What have I learned from all of this talk of mental health and graduate school?
3 separate
very senior chemists (with an H-index average of ~30 or so) have talked about moments of deep emotional distress in graduate school, with an added panic attack by
a not-nearly-as-senior-but-still-awesome chemist. It happens, and it's normal. It is also wise and normal to seek professional help.
I think I've learned the breadth and depth of pain that people are willing to talk about in forums such as these, and how important it is that institutions and professors note how their words and actions might be perceived (however incorrectly). I've also learned that this is something that we should be watching for in our friends and talking about, in public and online.

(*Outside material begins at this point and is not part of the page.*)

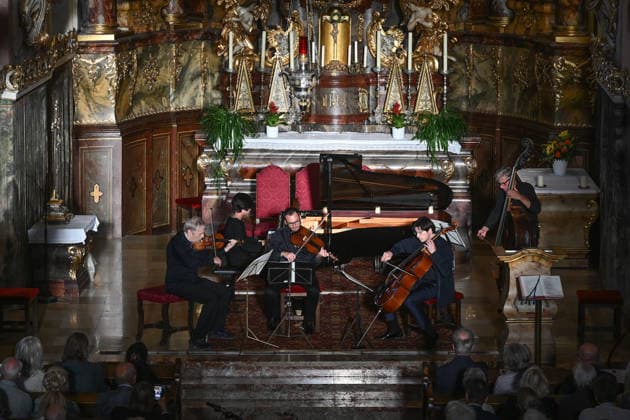 Sound of Sommerfrische concert featuring world-class musicians at the Traunkirchen parish church, as part of the Salzkammergut Festwochen Gmunden, photographed on September 5, 2026. The photo shows, from left to right, v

Hope you had a good week and that you managed to get something done in the lab. Thank you for participating in this and thanks for the sacrifice of your time. I think I've also learned that you're a pretty great writer and thinker, and I hope to hear more from you, Vinylogous.
Best wishes, Chemjobber
*@autolycos, a MD, writes in with his thoughts: "In my opinion, the reason chemistry grad school, med school, residency, and other similar hierarchical environments (the military, too) have such a mental health and suicide problem is twofold. First: there are few checks on admittance of people who are potentiated to have mental illnesses when they are deprived of meaningful feedback... But, once we've admitted these people, it's then generally the case that they are treated capriciously, carelessly, and generally considered second to the task at hand, whether it be teaching, research, taking care of patients, or storming that hill."
**Noting, of course, that PTSD is its own thing and separate from a hard year in the lab.